After a car accident, Jessica wakes up in a bed in Mischa’s house, attached to an IV. From there, everything you could imagine would happen does, including a hobbling, near getaways, a load of stupid missed opportunities to get away, the discovery that Mischa has a murderous past, and a final fight to the death. There’s nothing you haven’t seen before, but that doesn’t make it any less thrilling if you’re in the mood for cheap, familiar suspense.
HELL FIRE (2012)
In general, Hell Fire is totally my kind of low-budget indie. Any time a bunch of people is trapped in a cabin, people start going demon, and buckets of blood fly, I’m happy. It’s impossible not to think of the Demons movies and Evil Dead when watching this one.
This time, the anti-Christ, a nice looking chap with a hipster edge, briefs us on how a bunch of females became prostitutes, and it’s pretty much a mini Tarantino exploitation flick. Then the girls kidnap him thinking he’s someone else. They end up in a cabin, where he works his devilish magic and begins turning them into demons.
Hell Fire has a great Euro horror trash feel, with tons of gore, girl fights, and drooling demons with gnarly teeth. But in the end, it falls a little short of being a classic demon movie because the best of them manage to be gory but also deliver scares and, very often, moments of dark humor. Hell Fire is heavy on the gory cool and lacking on the others.
PLAYBACK (2012)
If you’re in the mood for run-of-the-mill teen horror, Playback is a good place to start. A bunch of film students are attempting to make a film based on a terrible crime in which a dude killed his family in cold blood…and video taped it.
Turns out, if you watch the tape, the dude jumps into your body. As the teens party, drop numerous horror movie references, and try to make their movie, they start dying one by one in gory ways. The killer predominantly possesses the first guy who looked at the film, but then randomly takes over various other kids as well—seemingly as a result of nanny cams placed in their bedrooms by pervy cop Christian Slater.
So our leading man and his girl start to clue together the truth of what’s really going on, visiting a video store clerk geek (refreshingly, he’s a wheelchair bound black dude this time—Daryl Mitchell of The John Laroquette Show and Veronica’s Closet), an old folks home to talk to the original reporter of the crime (Mark Metcalf of Animal House and the Twisted Sister videos), and the very house where the crime took place.
You’ll pretty much guess the big twist in this messy mashup of teen horror, slashers, and The Ring from the start. Playback is just waiting for heavy rotation on the Chiller Network or SyFy.

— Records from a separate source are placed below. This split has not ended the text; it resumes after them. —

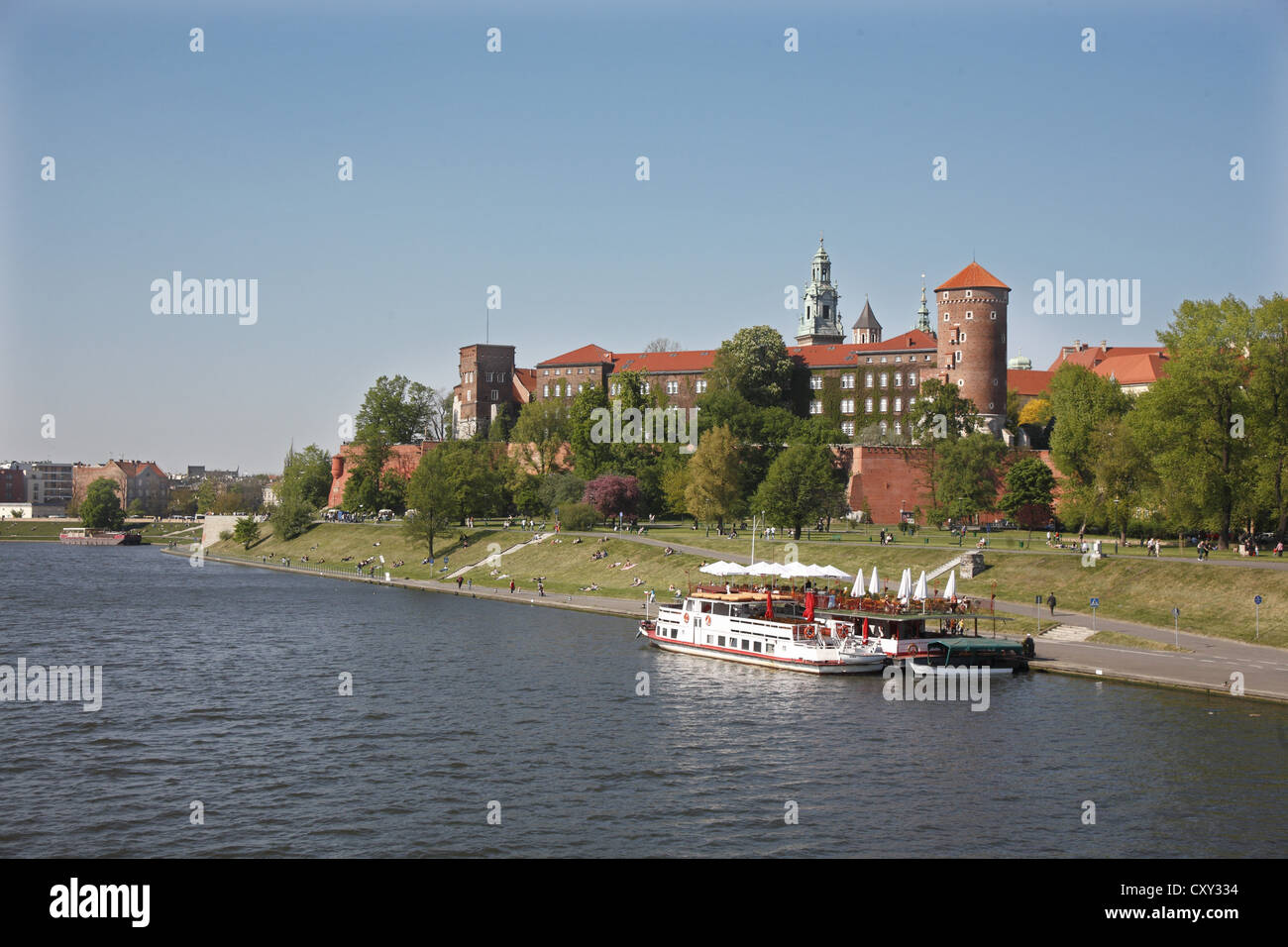 Ausflugsschiff auf dem Vistula Fluß, Wawel, Krakau, Polen, Europa Stockfoto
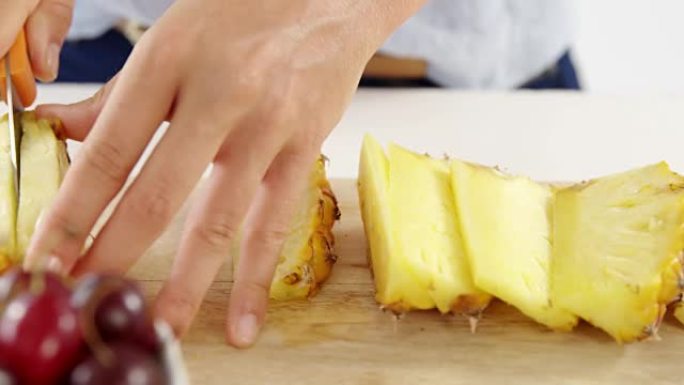 女人在砧板上切菠萝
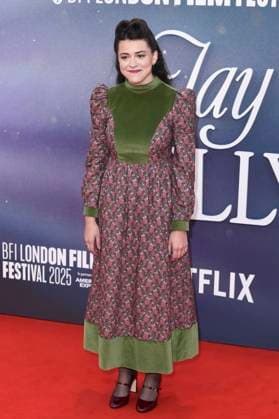 Grace Edwards at the premiere of the feature film Jay Kelly at the 69 BFI London Film Festival 2025 at the Royal Festival Hall London, 10 10 2025 Foto:xS.xVasx xFuturexImagex kelly_5111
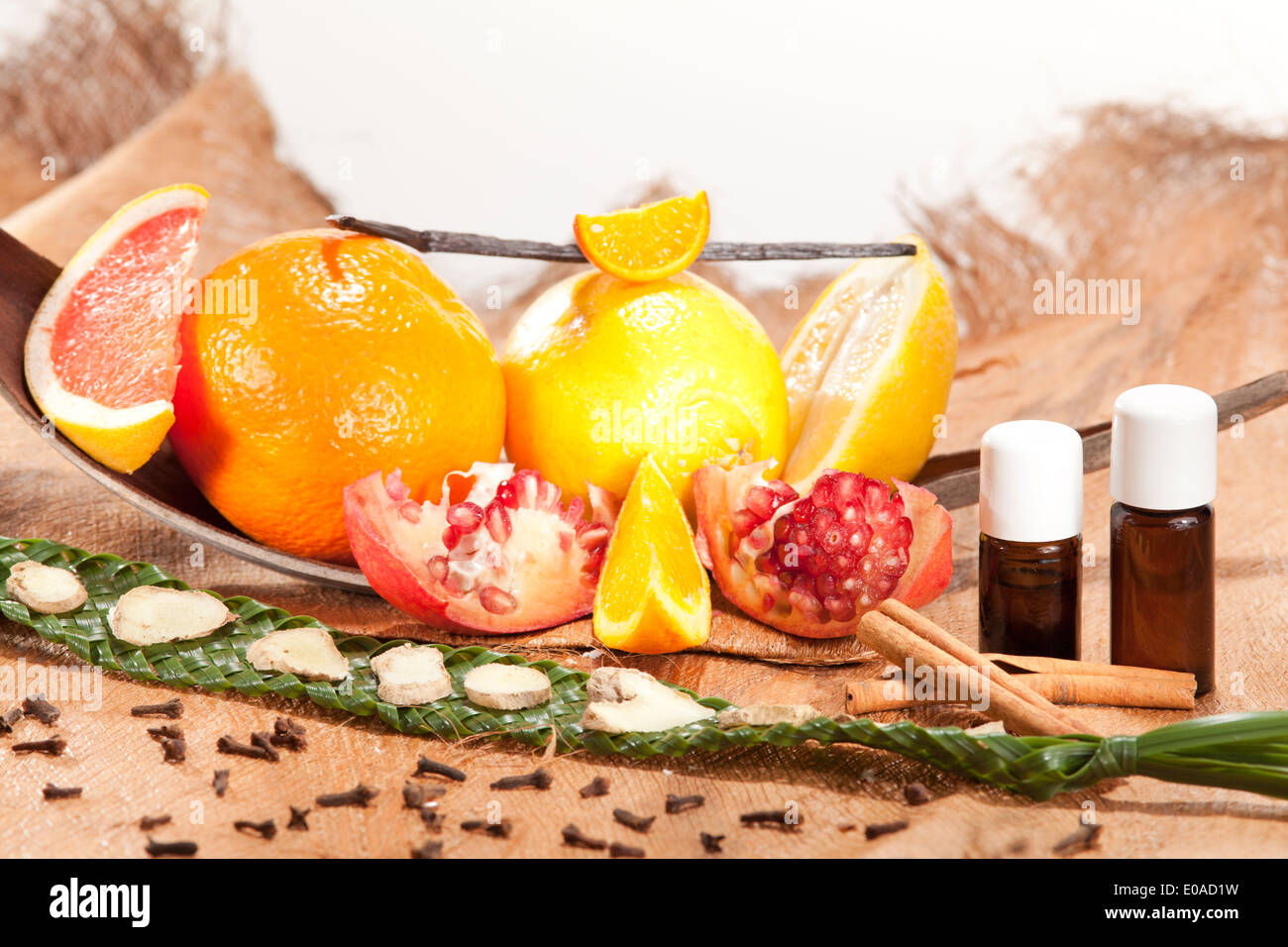 Komposition mit Zitrusfrüchten Gewürze und Granatapfelkernen Stockfoto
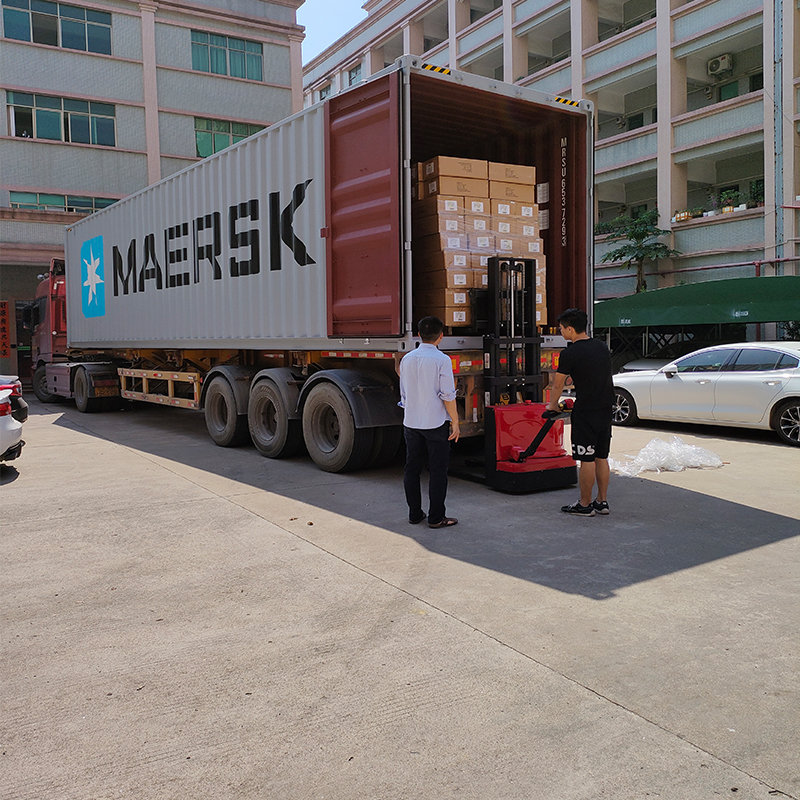 Esportazione di frecce di tiro con l\'arco e bulloni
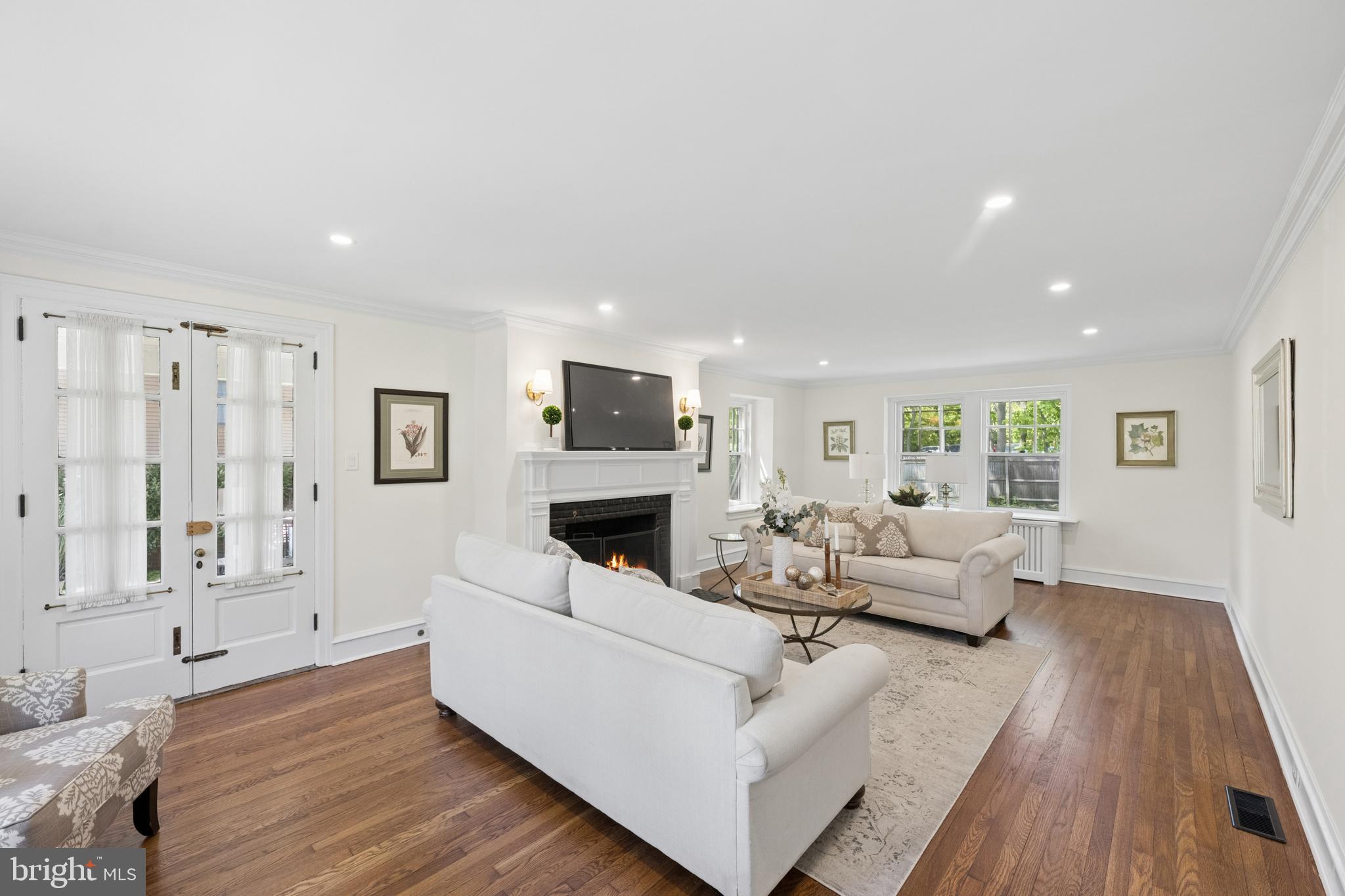 WYNNEWOOD - Residential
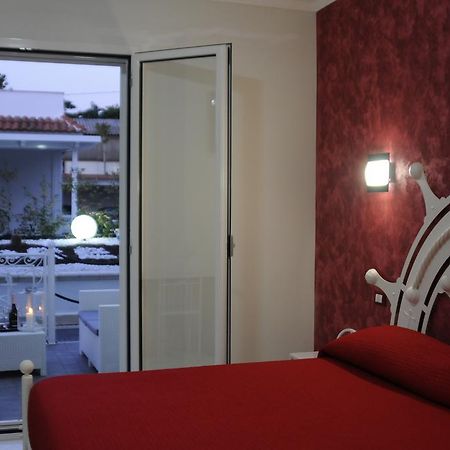 Badinomare Bed & Breakfast แตร์ราชินา ภายนอก รูปภาพ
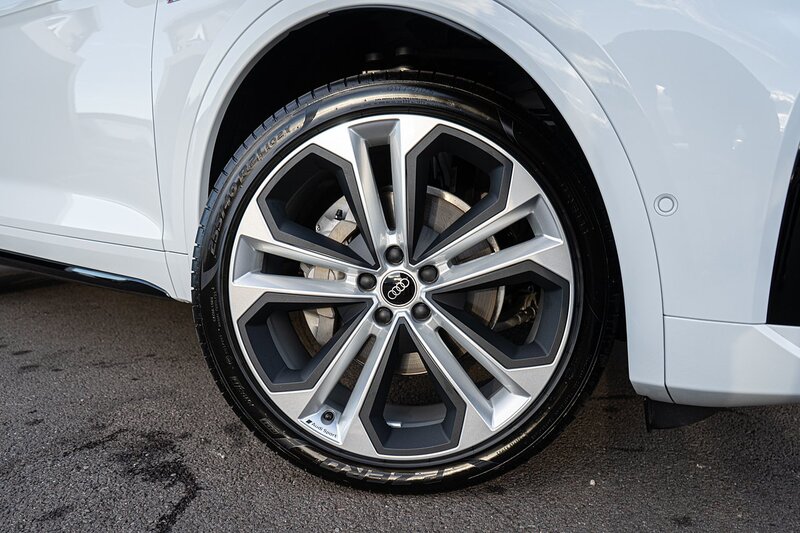 Audi 2.0 TDI 40 Black Edition SUV 5dr Diesel S Tronic quattro Euro 6 (s/s) (204 ps)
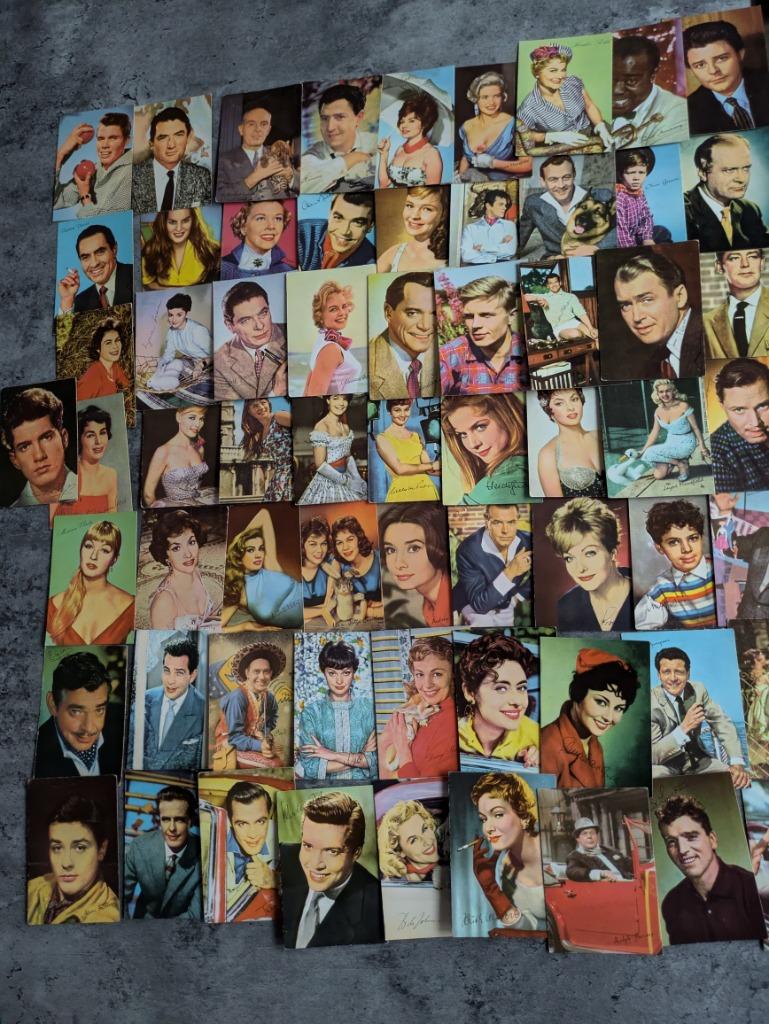 CHEWING GUM PLAATJES KAARTEN ANNO 1959 !!   64x, Verzenden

SICK: SURVIVE THE NIGHT (2012)
Zombie time! This one gets unfairly trashed in reviews, in my opinion, but I can understand why if viewers don’t look past the first segment of the film, which takes place in an underground bunker where scientists are trying to come up with an antidote for a zombie outbreak. This whole sequence feels cheap and low budget, and the inclusion of scream queen Debbie Rochon on video monitors babbling about the cure just makes it worse. I would have voted to scrap most of it and just get to the main plot.
One of the scientists sneaks away from the bunker to go visit her parents in their home nearby. As she makes her way during the day—when the zombies are usually not around—she runs into some survivors out looking for supplies. They convince her to let them come stay the night at the house for protection because the zombies will soon be crawling all over the place.
Three people trapped in a house with zombies outside at night sounds pretty routine, but instead of zombie overload, the film is dialogue heavy as we learn about each character…including their secrets. The most satisfying reveal is when they do a strip check to make sure none of them is bit and cute actor Richard Roy Sutton spends the entire time with his nice bare butt in the foreground of the camera.
Dan of the Dead is behind you…and he’s hungry!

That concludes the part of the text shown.